(Information provided)

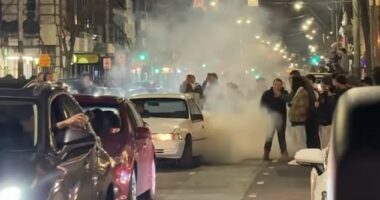 Melbourne Chapel Street was brought to a standstill on Saturday night by hoons (pictured)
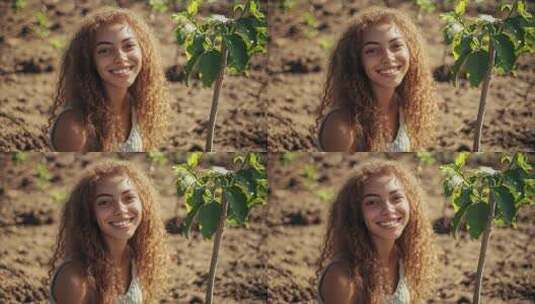 她面带微笑在土地上栽种新生命高清在线视频素材下载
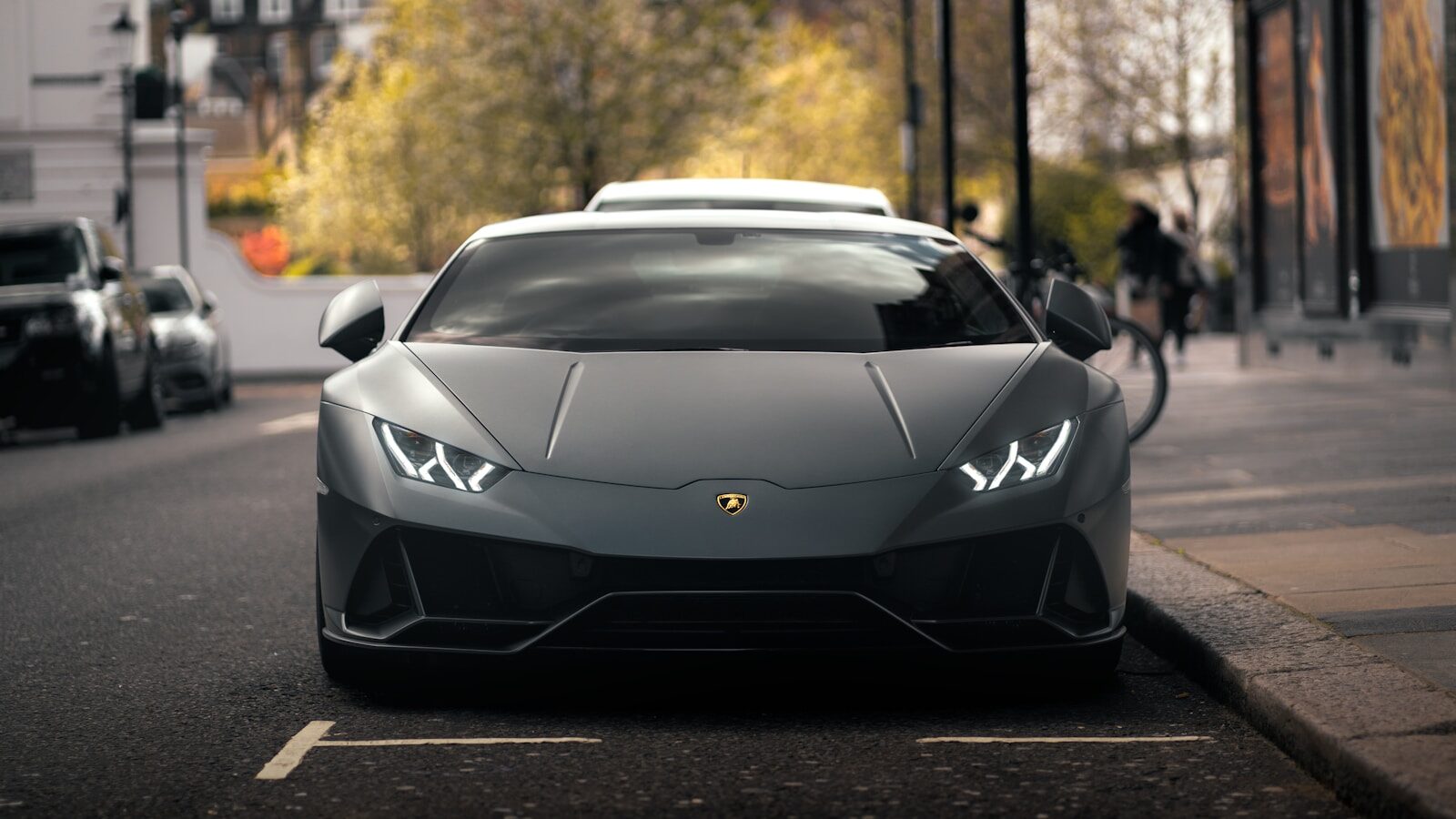a car parked on the side of a street. Lamborghini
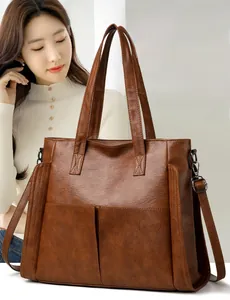 Brown soft leather tote bag with large capacity pockets and adjustable shoulder strap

(End Information provided)

Output the listing above exactly, excluding all pictures.

 Melbourne Chapel Street was brought to a standstill on Saturday night by hoons (pictured)
 她面带微笑在土地上栽种新生命高清在线视频素材下载
a car parked on the side of a street. Lamborghini
 Brown soft leather tote bag with large capacity pockets and adjustable shoulder strap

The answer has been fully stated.